- Theatrical release poster
- Directed by: Daisy von Scherler Mayer
- Written by: David C. Johnson
- Produced by: Beth Hubbard; Michael Hubbard;
- Starring: Tommy Davidson; Jada Pinkett Smith; Dave Chappelle; Paula Jai Parker; LL Cool J; Darren Heath; Duane Martin;
- Cinematography: Jean Lépine
- Edited by: Janice Hampton; Nicholas Eliopoulos;
- Music by: Michel Colombier
- Distributed by: New Line Cinema
- Release dates: May 8, 1998 (United States); September 25, 1998 (United Kingdom); July 2, 1999 (Italy);
- Running time: 84 minutes
- Country: United States
- Language: English
- Budget: $13 million
- Box office: $8,165,984

= Woo (film) =

Woo is a 1998 romantic-comedy film directed by Daisy von Scherler Mayer and starring Jada Pinkett Smith in the title role. Tommy Davidson also co-stars.

==Plot==
Darlene "Woo" Barnes, an extroverted woman living in New York City, is notoriously talented at turning men into mush. When Woo's psychic friend Celestrial predicts that the man of her dreams is about to enter her life, Woo doesn't believe it is true. Celestrial is convinced that Woo is destined to meet a tall, debonair Virgo. Woo's cousin Claudette and Claudette's boyfriend Lenny plan to spend the night together but find themselves entertaining Woo instead. Lenny begs his best friend Tim Jackson to take Woo out, but the shy, strait-laced, law clerk Tim contrasts the sassy and brassy Woo. The same night, Lenny and Claudette's night goes wrong when his obsession with chicken drives her to be forced to dress up as a sexy but awkward "chicken ho" (he makes her cluck and walk like a chicken) but she is allergic to feathers.

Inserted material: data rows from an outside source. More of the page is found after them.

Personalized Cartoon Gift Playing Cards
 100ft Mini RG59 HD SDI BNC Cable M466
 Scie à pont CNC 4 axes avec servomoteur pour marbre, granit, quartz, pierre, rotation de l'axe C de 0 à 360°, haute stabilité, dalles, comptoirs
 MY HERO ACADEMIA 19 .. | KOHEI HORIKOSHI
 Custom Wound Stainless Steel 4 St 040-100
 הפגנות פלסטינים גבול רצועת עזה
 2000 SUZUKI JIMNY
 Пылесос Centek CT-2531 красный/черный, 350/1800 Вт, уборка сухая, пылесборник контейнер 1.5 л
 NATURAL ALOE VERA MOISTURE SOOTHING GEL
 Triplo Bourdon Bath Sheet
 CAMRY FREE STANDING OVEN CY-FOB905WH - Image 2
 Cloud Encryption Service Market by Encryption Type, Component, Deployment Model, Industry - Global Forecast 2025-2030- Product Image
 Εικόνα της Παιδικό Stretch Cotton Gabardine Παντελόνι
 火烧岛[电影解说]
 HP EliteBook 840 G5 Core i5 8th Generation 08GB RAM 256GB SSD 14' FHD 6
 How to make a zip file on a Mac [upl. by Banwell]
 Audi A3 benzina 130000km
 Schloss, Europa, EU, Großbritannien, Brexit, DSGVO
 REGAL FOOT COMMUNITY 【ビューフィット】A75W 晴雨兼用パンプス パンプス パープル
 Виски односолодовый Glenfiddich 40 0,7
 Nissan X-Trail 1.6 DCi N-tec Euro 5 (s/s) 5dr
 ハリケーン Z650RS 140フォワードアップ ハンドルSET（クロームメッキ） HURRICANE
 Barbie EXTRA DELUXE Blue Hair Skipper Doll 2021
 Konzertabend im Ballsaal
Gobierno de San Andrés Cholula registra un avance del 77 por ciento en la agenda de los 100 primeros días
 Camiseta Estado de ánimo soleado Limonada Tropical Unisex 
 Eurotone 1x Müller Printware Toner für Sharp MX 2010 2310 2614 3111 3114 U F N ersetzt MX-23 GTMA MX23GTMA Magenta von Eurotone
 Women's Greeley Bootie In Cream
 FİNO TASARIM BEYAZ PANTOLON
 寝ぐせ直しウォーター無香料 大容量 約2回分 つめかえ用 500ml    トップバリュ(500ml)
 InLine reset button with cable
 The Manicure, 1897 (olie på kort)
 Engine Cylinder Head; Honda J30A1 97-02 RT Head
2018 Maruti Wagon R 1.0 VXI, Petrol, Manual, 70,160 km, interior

At first, Woo is unconcerned about the matchmaking mismatch, but when told that Tim is a Virgo, she decides it is fate, jumps at the chance, and immediately heads for Tim's apartment. Meanwhile, Tim, who can't believe his luck, goes next door to his neighbor Darryl for tips on romancing women. Darryl supplies Tim with incense, edible body oils, and a tape of sexy songs. When Woo arrives, Tim is completely smitten. Woo, however, discovers that Tim is far from her imagined sexy, spontaneous stud. Seeing through Tim's pseudo-cool act, she humiliates and teases him. They are just about to leave Tim's apartment when Tim is visited by three of his pals: Frankie, Hop, and Romaine. The trio's chauvinistic attitude irritates Woo, so she retaliates and freaks them out by acting insane. Finally, the date gets underway. Woo and Tim arrive at a stuffy Italian restaurant, but Woo's behavior gets them thrown out. They go to a dance club, where Tim is punched out by Woo's ex-boyfriend, whom Woo punches back. Tim repeatedly suffers many other misfortunes, but Woo realizes that Tim is the guy she wants. After Tim gets his car back, it is smashed to pieces. Woo offers to share her car and her life with Tim.

==Reception==
The film was met with negative reviews from critics. It holds a 10% approval rating at Rotten Tomatoes, based on 40 reviews, with an average score of 3.7/10. Derek Armstrong at Allmovie, while giving positive reviews to stars Davidson and Smith's performances, stated that the script was "formulaic", and that the film in general was "not much of a vehicle for its impish starlet." Made on a budget of $13 million, the film grossed $8 million domestically, making it a box-office flop. It was, however, a success when released on home video.

==Soundtrack==

A soundtrack containing hip hop and R&B music was released on May 5, 1998 through Epic Records. It peaked at #52 on the Billboard 200 and #8 on the Top R&B/Hip-Hop Albums.